What you will do:
Which lines run from the line with "Ariat Tan Suede" through the line with "Prada Galleria Logo 4" in the entries below? Print them exactly, both ends included, and nothing more.
-- Data records follows --
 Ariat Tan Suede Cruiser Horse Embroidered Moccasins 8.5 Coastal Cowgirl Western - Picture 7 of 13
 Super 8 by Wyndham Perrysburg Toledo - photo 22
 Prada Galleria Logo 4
-- Data records concluded --
-- Data records follows --
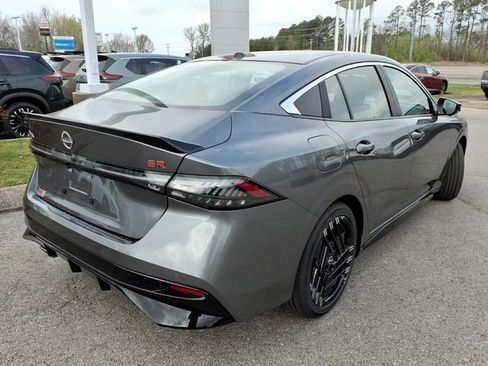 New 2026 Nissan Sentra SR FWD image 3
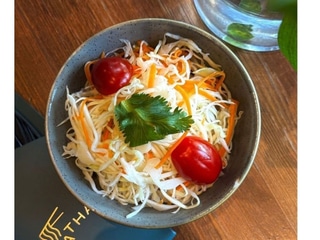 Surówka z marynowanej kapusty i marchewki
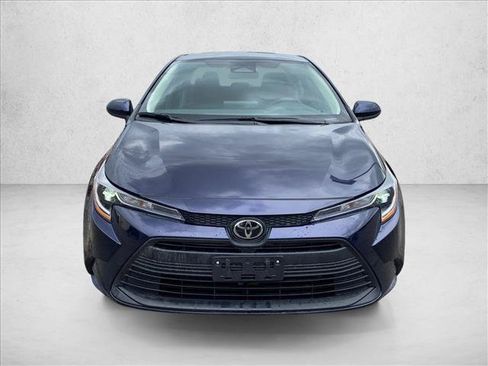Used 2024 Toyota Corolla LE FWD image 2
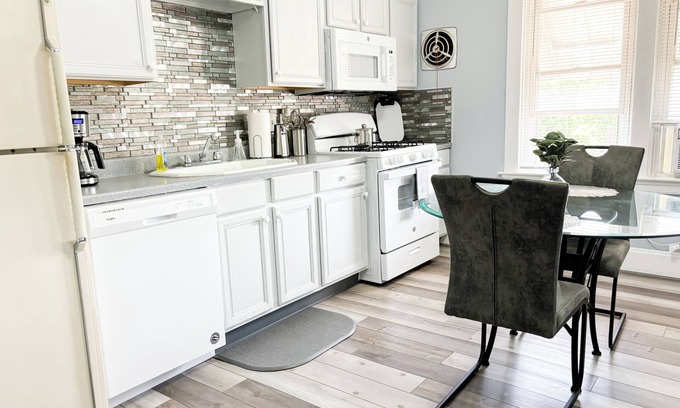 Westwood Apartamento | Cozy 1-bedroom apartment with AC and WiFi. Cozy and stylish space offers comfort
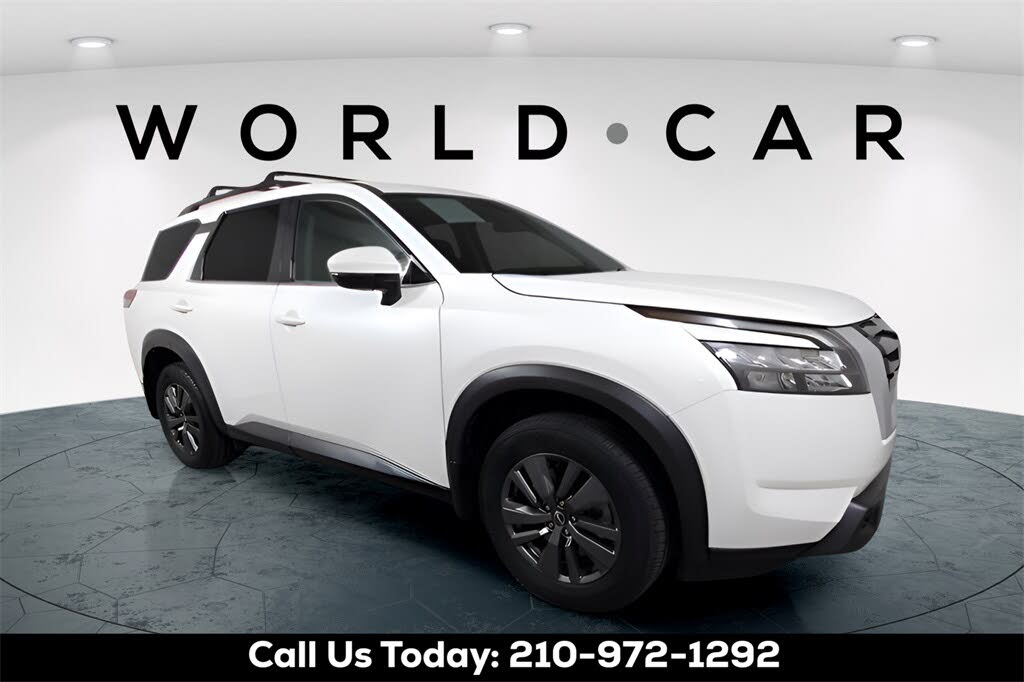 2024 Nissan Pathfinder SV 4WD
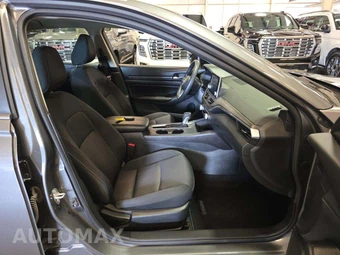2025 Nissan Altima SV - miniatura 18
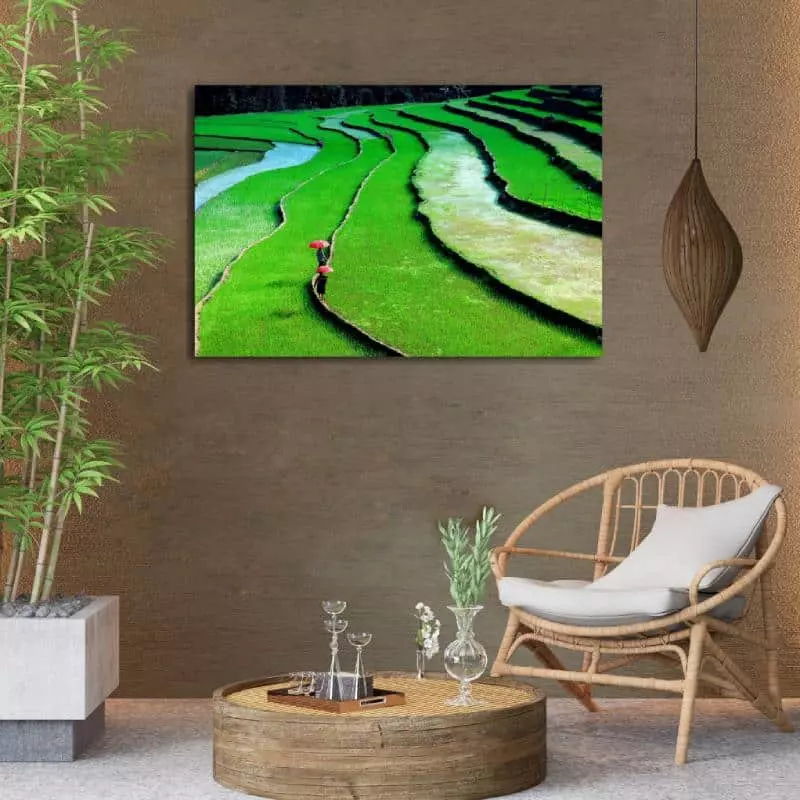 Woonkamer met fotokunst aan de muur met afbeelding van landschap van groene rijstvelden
-- Data records concluded --
Worked solution:
 Ariat Tan Suede Cruiser Horse Embroidered Moccasins 8.5 Coastal Cowgirl Western - Picture 7 of 13
 Super 8 by Wyndham Perrysburg Toledo - photo 22
 Prada Galleria Logo 4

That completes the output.